## Data extracts

**********

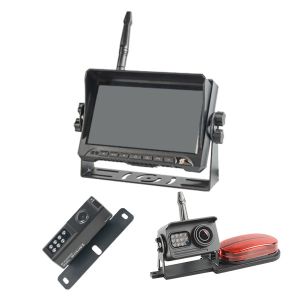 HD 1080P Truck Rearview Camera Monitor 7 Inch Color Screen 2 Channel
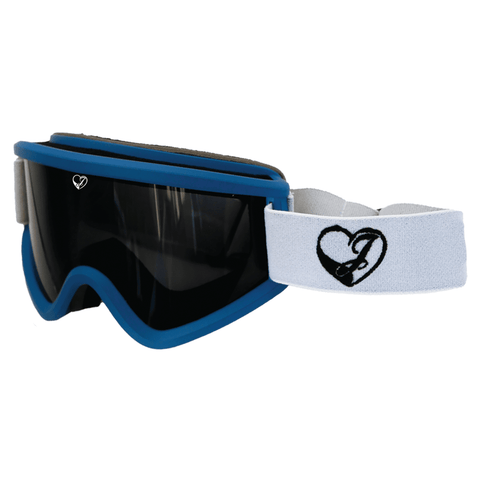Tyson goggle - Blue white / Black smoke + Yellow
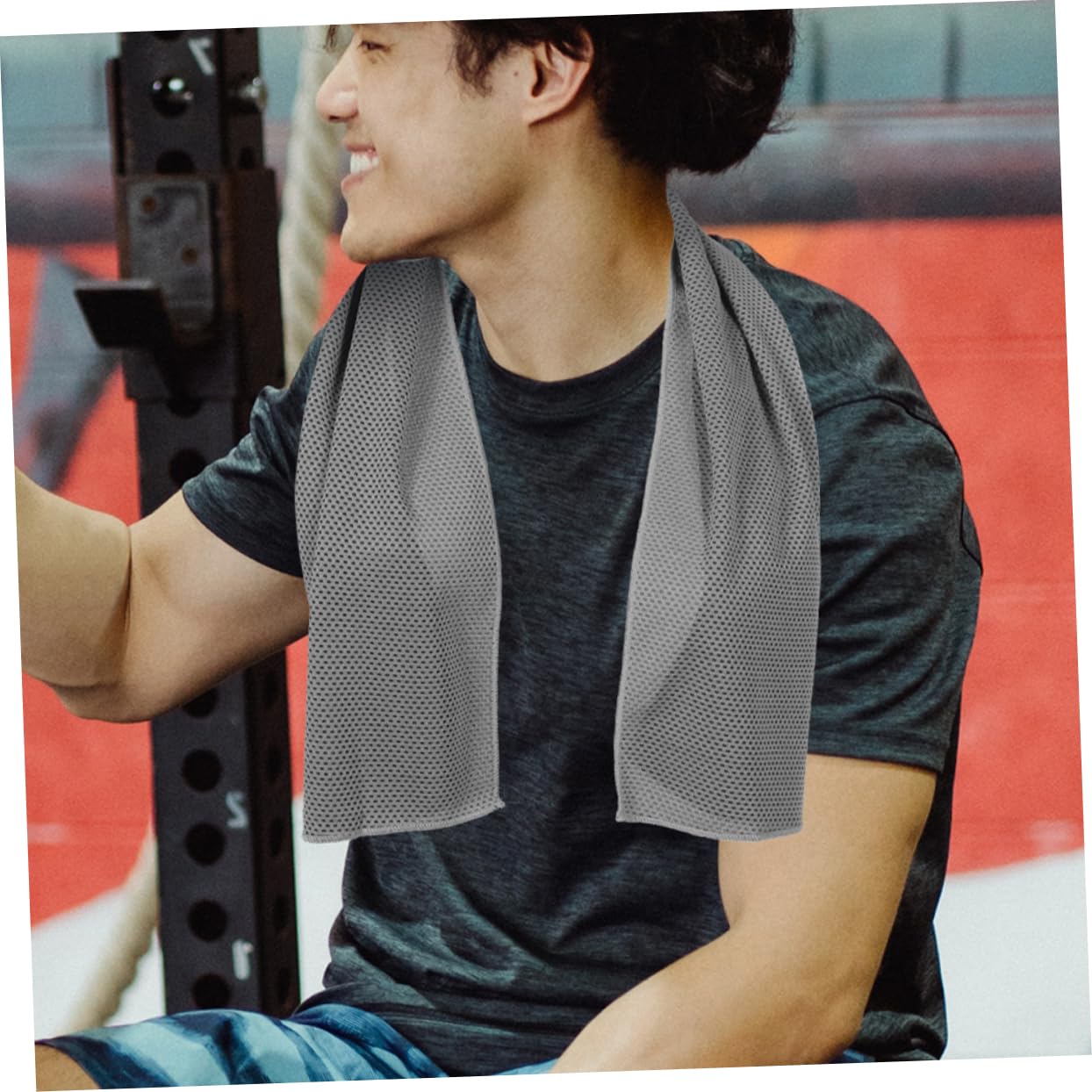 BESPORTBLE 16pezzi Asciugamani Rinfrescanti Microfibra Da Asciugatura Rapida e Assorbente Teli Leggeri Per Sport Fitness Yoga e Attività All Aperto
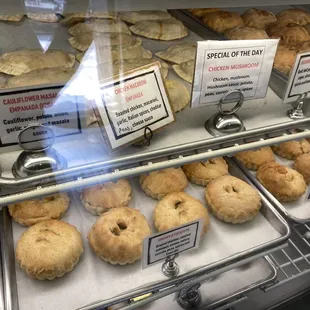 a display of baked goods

**********

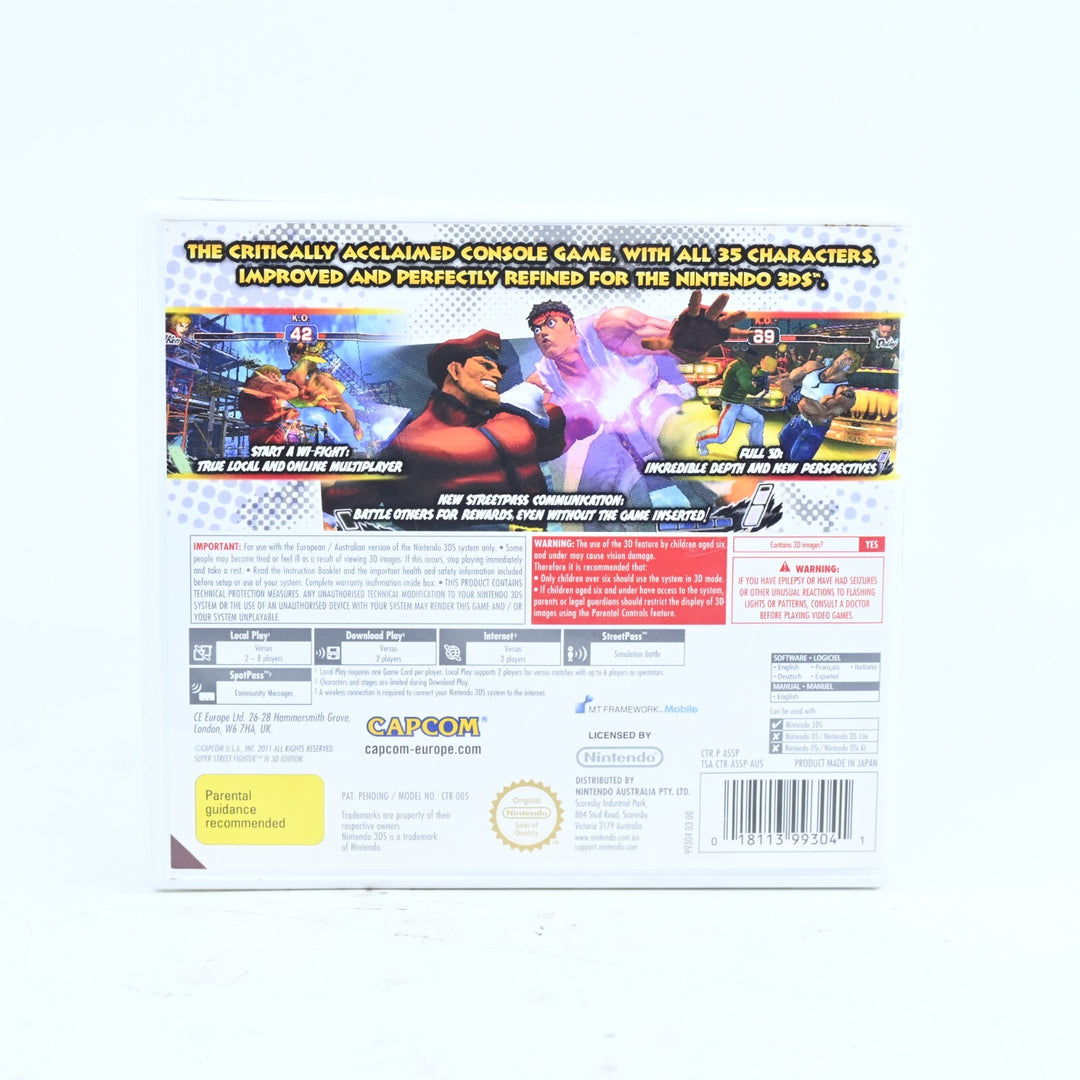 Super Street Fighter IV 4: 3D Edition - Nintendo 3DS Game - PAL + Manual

**********

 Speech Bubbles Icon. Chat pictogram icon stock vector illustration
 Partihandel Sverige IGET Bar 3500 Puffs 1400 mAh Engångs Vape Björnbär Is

**********

## Exercise aim
Return exactly the part of the listing above that opens with the line containing "HD 1080P Truck" and closes with the line containing "a display of baked goods". Pictures stay out.

## Response area
 HD 1080P Truck Rearview Camera Monitor 7 Inch Color Screen 2 Channel
Tyson goggle - Blue white / Black smoke + Yellow
 BESPORTBLE 16pezzi Asciugamani Rinfrescanti Microfibra Da Asciugatura Rapida e Assorbente Teli Leggeri Per Sport Fitness Yoga e Attività All Aperto
 a display of baked goods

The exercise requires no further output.